This Has Got To Stop
July 26, 2009 – 9:19 pm —
Government sponsorship of alternative energy development is a great idea for a number of reasons, but the following argument– which has been repeated ad nauseam by high-profile alternative energy proponents, most recently Senators Barbara Boxer and John Kerry in Friday’s Washington Post– is clearly invalid and thus does not help matters. To refute the claim that “drill, baby, drill” can be an effective energy policy, Boxer and Kerry cite the fact that “the United States has only 3 percent of the world’s proven oil reserves, while we are responsible for 25 percent of the world’s oil consumption.” The implication seems to be that a country with n% of the world’s proven oil reserves can only sustainably consume up to n% of the world’s petroleum, but this implication makes no sense at all. The percentage contained in a country of the world’s proven oil reserves has no connection with that country’s highest sustainable percentage of worldwide oil consumption.

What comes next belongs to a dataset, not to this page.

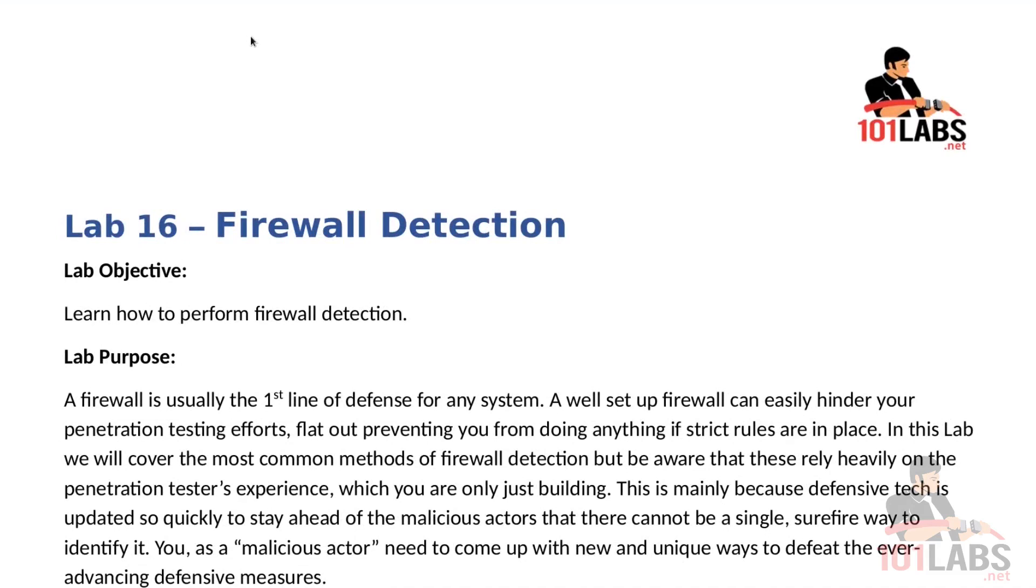Hello and welcome to this 101 lab. In this lab we will talk about firewall detection. A firewall is usually the first line of defense for any system. A well set up firewall can easily hinder your penetration testing efforts, flat out preventing you from doing anything if strict rules are in place.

The two critical missing variables are the amount of oil remaining in the world’s reserves and the rate of worldwide oil consumption. The above relation is meaningless without these; with these, the relation ends up being irrelevant anyway. If there is far more oil than we will use in centuries, we have no problem; if there is far less oil than we will use in the next fifty years, we have a huge problem. It turns out that the rate of consumption is fairly well-known, but there is still much debate over just how much accessible petroleum is left in the world– especially since improving oil-extracting technologies continue to make once-inaccessible reserves prime for extraction.
Why does it matter? Even at their least sinister, bogus arguments distract attention from truly important issues at the heart of the alternative energy debate. Does America’s consumption of oil– much of it foreign– have economic, ecological, and national security implications so critical that our national government should go further into debt pushing alternatives? If so, how much further? We know that subsidies yield results. In 2007, the Renewable Energy Policy Network for the 21st Century (REN21, website) reported that worldwide renewable energy use doubled from 2004 to 2007 and that “Multilateral agencies and private investors alike are integrating renewable energy into their mainstream portfolios, capturing the interest of the largest global companies.” The “Key Findings” of a U.S. Department of Energy September 2008 report include very promising renewable energy growth statistics for the past decade (pages 3 and 4, here ). So we know we can develop alternative energy; the question is whether or not we should in the context of the above three considerations. Oft-repeated yet irrelevant relations like the one just discussed do not move the debate forward.